The bank forecasts growth of 5.3 percent across Africa this year and 6.2 percent in sub-Saharan Africa. Slower growth in China has hit prices of commodities, sub-Saharan Africa’s key export. But the region’s economy had diversified, Kaberuka said.

“The African growth story is only partly a commodity story – it’s also about FDI [foreign direct investment], private equity, remittances, urbanisation,” Kaberuka said. “The commodity story only explains maybe a third of what is happening.”

He said growth expectations in North Africa were less clear. The Arab Spring uprisings of 2011 continue to take a toll on political stability in several countries, leading to overall growth levels of about 3.2 percent to 3.5 percent.

He said: “Algeria and Morocco are holding up quite well. Those countries could do anything in the region of 5.5 percent growth. Tunisia is beginning to stabilise – our numbers are around 2.5 percent to 3 percent. Egypt is much more complicated, around 2 percent, and as for Libya, I couldn’t tell you.”

South Africa’s sluggish growth was holding back overall growth for sub-Saharan Africa, he said, adding that some countries could see double-digit growth this year.

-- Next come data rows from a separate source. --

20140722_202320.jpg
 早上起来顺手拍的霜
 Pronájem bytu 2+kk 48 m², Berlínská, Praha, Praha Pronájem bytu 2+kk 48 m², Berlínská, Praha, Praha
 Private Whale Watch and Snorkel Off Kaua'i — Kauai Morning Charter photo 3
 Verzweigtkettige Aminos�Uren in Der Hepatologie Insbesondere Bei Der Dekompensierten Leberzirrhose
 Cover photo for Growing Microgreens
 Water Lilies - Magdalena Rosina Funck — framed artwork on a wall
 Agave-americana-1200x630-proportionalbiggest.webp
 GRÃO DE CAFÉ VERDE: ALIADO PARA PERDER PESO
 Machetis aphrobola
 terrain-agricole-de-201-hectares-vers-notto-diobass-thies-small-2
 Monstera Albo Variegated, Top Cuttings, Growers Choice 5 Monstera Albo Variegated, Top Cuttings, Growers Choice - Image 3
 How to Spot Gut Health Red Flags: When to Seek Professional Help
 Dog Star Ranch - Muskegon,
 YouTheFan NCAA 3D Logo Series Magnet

Emerging markets have seen a heavy sell-off since the US Federal Reserve began to wind down its bond-buying programme, which had depressed US bond yields and fuelled demand for high-yielding risky assets. The move out of emerging markets has been accelerating in recent weeks.

That has particularly hurt countries like South Africa. Other African countries have been better insulated from the investor flight.

“South Africa and Mauritius are different economies. These are open economies that were attracting a lot of portfolio flows.”

South Africa is one of the so-called fragile five economies heavily dependent on investor inflows. Strikes by South African mineworkers were also deterring investment, Kaberuka noted.

“If they could address the issues around the political economy of the mining sector, labour relations, that would be a huge contribution to providing clarity to investors.”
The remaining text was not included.